Task item — Beginning with the line that holds "Seydişehir- Antalya Yolunda" and ending with the last line below, please copy every line exactly, add nothing, and leave out the pictures.

Recorded information —
┄┄┄┄┄┄
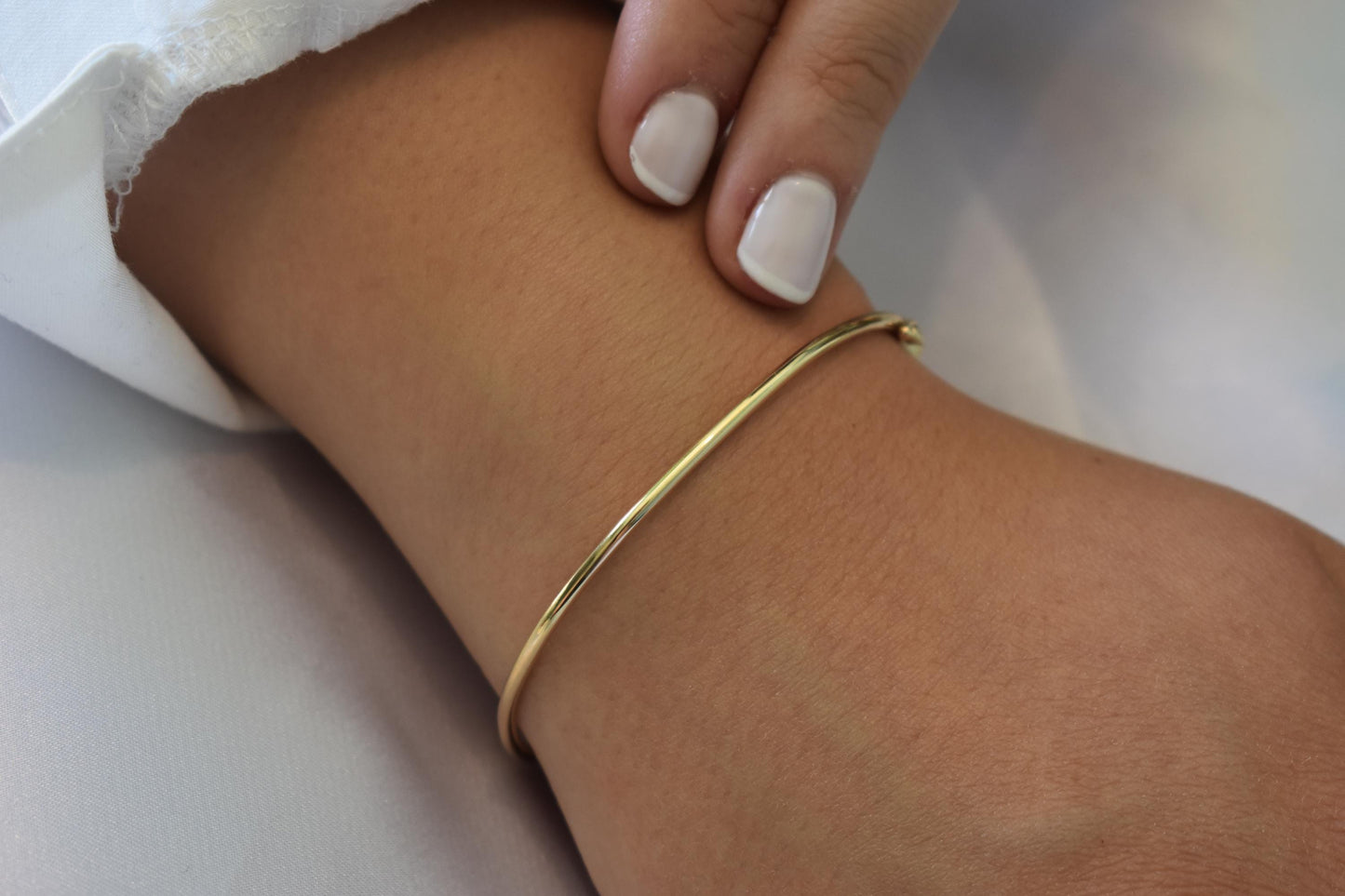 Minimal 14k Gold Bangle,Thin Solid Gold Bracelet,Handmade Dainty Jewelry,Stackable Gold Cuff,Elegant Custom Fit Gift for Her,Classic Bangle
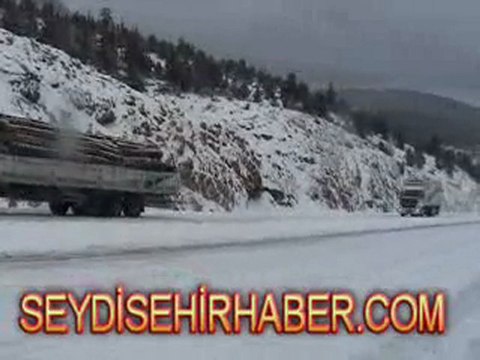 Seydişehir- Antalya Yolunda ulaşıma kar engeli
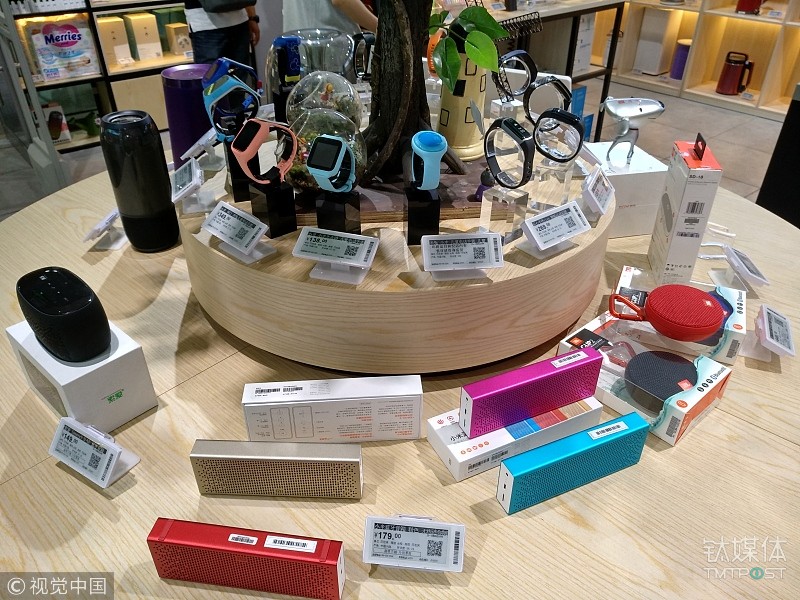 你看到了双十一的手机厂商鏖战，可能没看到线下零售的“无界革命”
┄┄┄┄┄┄
Answer for this exercise —
 Seydişehir- Antalya Yolunda ulaşıma kar engeli
 你看到了双十一的手机厂商鏖战，可能没看到线下零售的“无界革命”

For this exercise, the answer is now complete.